**What you have to do:**
Please quote exactly the lines below from the line containing "An image for Leonie Rattan Oak Bed" to the line containing "Luxury Oval Tags, Glitter", both lines included, and nothing else.
BEGIN Supplied information
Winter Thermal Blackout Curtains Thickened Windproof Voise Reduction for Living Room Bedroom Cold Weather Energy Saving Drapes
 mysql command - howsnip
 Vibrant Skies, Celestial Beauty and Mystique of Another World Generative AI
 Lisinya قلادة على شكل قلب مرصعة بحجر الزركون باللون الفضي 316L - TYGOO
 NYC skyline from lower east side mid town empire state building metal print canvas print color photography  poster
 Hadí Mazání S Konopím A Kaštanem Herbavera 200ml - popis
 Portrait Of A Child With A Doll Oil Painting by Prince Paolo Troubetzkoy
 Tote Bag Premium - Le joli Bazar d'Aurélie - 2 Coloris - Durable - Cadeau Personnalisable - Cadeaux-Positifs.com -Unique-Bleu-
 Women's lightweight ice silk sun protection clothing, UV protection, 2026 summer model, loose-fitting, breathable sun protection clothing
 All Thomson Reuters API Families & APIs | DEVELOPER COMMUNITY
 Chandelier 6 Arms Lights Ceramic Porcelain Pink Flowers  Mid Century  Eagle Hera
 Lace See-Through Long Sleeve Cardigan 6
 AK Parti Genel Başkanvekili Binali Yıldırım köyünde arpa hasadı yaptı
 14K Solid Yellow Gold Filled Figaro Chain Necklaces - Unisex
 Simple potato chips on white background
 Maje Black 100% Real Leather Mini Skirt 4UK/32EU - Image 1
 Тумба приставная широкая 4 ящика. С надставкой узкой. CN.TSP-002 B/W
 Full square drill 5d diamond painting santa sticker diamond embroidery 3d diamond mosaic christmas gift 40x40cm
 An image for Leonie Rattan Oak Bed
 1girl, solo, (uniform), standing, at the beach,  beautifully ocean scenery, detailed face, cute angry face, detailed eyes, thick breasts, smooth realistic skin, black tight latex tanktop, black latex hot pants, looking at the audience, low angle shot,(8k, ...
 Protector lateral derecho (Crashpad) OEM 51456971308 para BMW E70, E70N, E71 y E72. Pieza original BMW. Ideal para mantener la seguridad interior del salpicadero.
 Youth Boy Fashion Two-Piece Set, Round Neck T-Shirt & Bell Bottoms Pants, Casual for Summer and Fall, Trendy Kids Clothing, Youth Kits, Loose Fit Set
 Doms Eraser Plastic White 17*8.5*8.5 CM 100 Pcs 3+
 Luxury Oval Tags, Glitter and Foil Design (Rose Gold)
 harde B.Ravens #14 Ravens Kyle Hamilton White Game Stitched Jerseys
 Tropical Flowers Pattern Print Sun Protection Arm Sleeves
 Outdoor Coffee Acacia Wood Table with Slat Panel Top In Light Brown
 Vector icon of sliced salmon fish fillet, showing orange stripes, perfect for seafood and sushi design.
END Supplied information
**Task result:**
 An image for Leonie Rattan Oak Bed
 1girl, solo, (uniform), standing, at the beach,  beautifully ocean scenery, detailed face, cute angry face, detailed eyes, thick breasts, smooth realistic skin, black tight latex tanktop, black latex hot pants, looking at the audience, low angle shot,(8k, ...
 Protector lateral derecho (Crashpad) OEM 51456971308 para BMW E70, E70N, E71 y E72. Pieza original BMW. Ideal para mantener la seguridad interior del salpicadero.
 Youth Boy Fashion Two-Piece Set, Round Neck T-Shirt & Bell Bottoms Pants, Casual for Summer and Fall, Trendy Kids Clothing, Youth Kits, Loose Fit Set
 Doms Eraser Plastic White 17*8.5*8.5 CM 100 Pcs 3+
 Luxury Oval Tags, Glitter and Foil Design (Rose Gold)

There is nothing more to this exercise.